We Need to Wake Up and Smell the Roses
Wake Up and Smell the Roses
I don’t know about you, but to my mind within the world of traditional literature today, there is an inordinate amount of pretentiousness and snobbery, traits which I cannot abide.
Without exception, the gatekeepers employed by the major publishing houses, whose job it is to weed out the dross when it comes to prospective new manuscripts are guilty of both of these thoroughly undesirable failings.
Most within the traditional publishing world would have you believe that all independent writers are by definition talentless. Nothing could be further from the truth. While it’s true that thousands of prospective writers who currently independently publish via outlets like Kindle Direct Publishing, CreateSpace, and Smashwords (to name three options currently available) will never be able to produce a book that people other than their nearest and dearest will actually want to read, some of us are highly successful.
I look upon my time as a bestselling independent writer, whose work is published exclusively as eBooks, as serving my apprenticeship in literature while at the same time being paid as a professional through the act of receiving regular monthly royalty payments. To back up my claim, the Oxford English Dictionary clearly defines the professional as one who is engaged in a specific activity as one’s main paid occupation rather than as an amateur.
So you see gatekeepers, some of us are professionals in every sense of the word despite your contention that people like myself are nothing more than mere wannabe’s. The fact that we prefer to publish independently is our prerogative. Several of us, myself included, left your world to become Indies purely because we were not prepared to doff our metaphoric caps in your presence or be treated like low-paid minions who should know their place within your writer stables any longer.
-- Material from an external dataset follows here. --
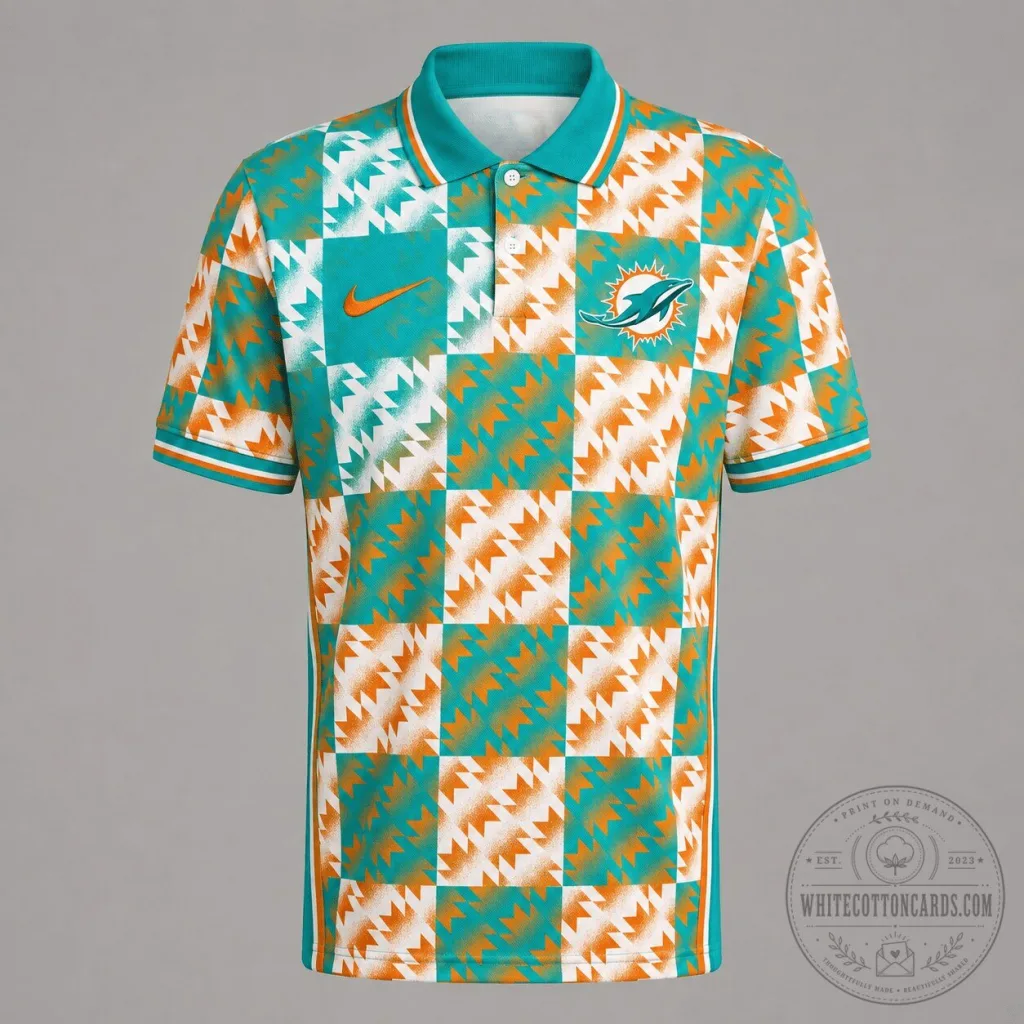 Miami Dolphins NFL Retro Geometric Pattern Polo Shirt for Men Miami Dolphins NFL Retro Geometric Pattern Polo Shirt for Men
As for getting others to attempt to belittle and humiliate us by encouraging the bitter individuals that abound on internet book sites like Goodreads, most of whom tried their hand at writing and failed miserably for varying reasons, won’t necessarily put us off either. Most of us are made of far sterner stuff…
The time is long overdue for all conventional publishing houses to wake up and smell the roses if they want to survive. By insisting on blindly continuing to spend copious amounts of money on print runs, only to have them end up as pulp after they have been remaindered by the dwindling number of book shops through low sales, over the far cheaper and fastest-growing area within literature today – the eBook, does you no favours whatsoever.
While it is true that many people still prefer to actually hold a physical book in their hands, millions of today’s readers do not. Accept the fact that the eBook is here to stay! If for no other reason, it never becomes dog-eared. It will never suffer the humiliation of its paper cousins by having the corners of its pages folded over, or have its spine broken by those individuals who fold a paperback.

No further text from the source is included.